What the exercise asks ::
The full listing, word for word and free of images, is the expected result.

Data provided ::
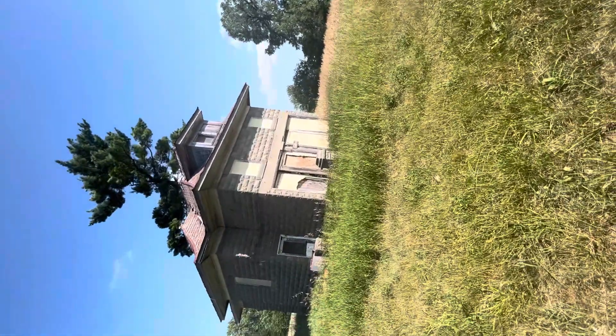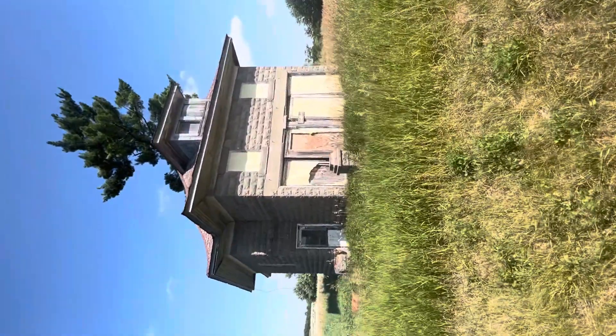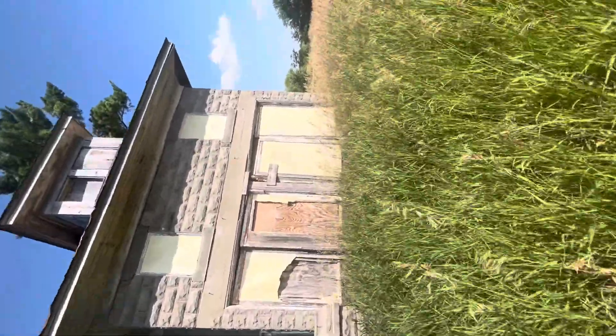Hey guys, check it out. We were driving down the highway and we saw this cool building. I talked to the neighbors and they said that it used to be a gas station, a service station on the bottom and the living quarters up top, and it's been empty for quite some time. They said it was cool if we checked it out, so we're gonna try to get in here and see what's going on.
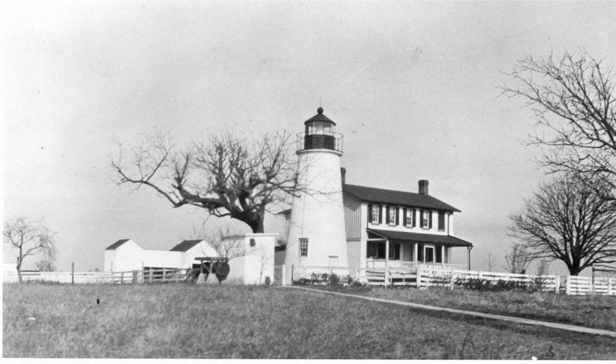During World War II a watchtower was placed atop the bell enclosure. After automation, the tower's remote site made it a target for vandalism. An incident in which the tower was broken into and the lens stolen brought about the removal of a large section of the wooden spiral staircase and the replacement of the ceiling of the entry with a steel door.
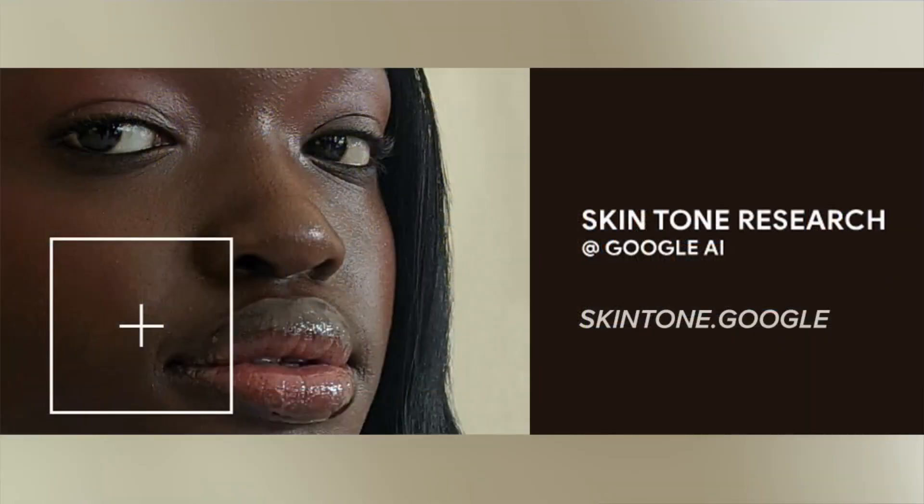Dr. Monk, we appreciate you joining us this morning. Thank you. For more information, visit skin tone at Google. Thank you, doctor. Thanks for having me.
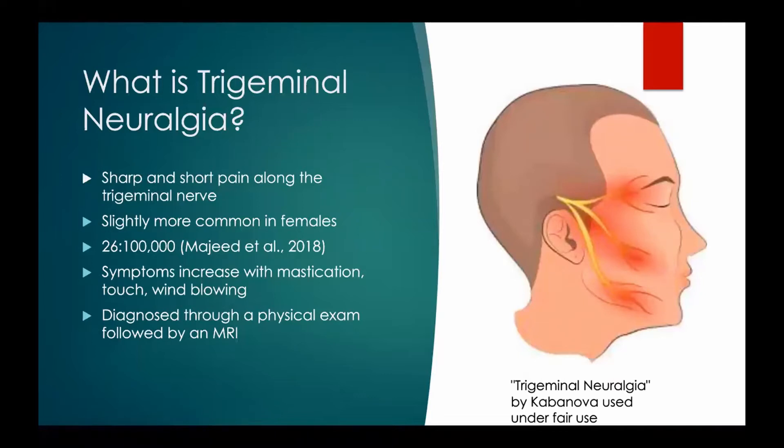I'm sure most of you have heard the term trigeminal neuralgia, but in case you haven't, we are going to explain this condition. Trigeminal neuralgia is characterized by sharp and short pain that occurs along the trigeminal nerve that can occur at random points throughout the day. This picture included here shows the pain spots that occur with this condition, noted with the red areas — including the eye region, the cheek region, and just above the mandible.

Completed exercise ::
Hey guys, check it out. We were driving down the highway and we saw this cool building. I talked to the neighbors and they said that it used to be a gas station, a service station on the bottom and the living quarters up top, and it's been empty for quite some time. They said it was cool if we checked it out, so we're gonna try to get in here and see what's going on.
During World War II a watchtower was placed atop the bell enclosure. After automation, the tower's remote site made it a target for vandalism. An incident in which the tower was broken into and the lens stolen brought about the removal of a large section of the wooden spiral staircase and the replacement of the ceiling of the entry with a steel door.
Dr. Monk, we appreciate you joining us this morning. Thank you. For more information, visit skin tone at Google. Thank you, doctor. Thanks for having me.
I'm sure most of you have heard the term trigeminal neuralgia, but in case you haven't, we are going to explain this condition. Trigeminal neuralgia is characterized by sharp and short pain that occurs along the trigeminal nerve that can occur at random points throughout the day. This picture included here shows the pain spots that occur with this condition, noted with the red areas — including the eye region, the cheek region, and just above the mandible.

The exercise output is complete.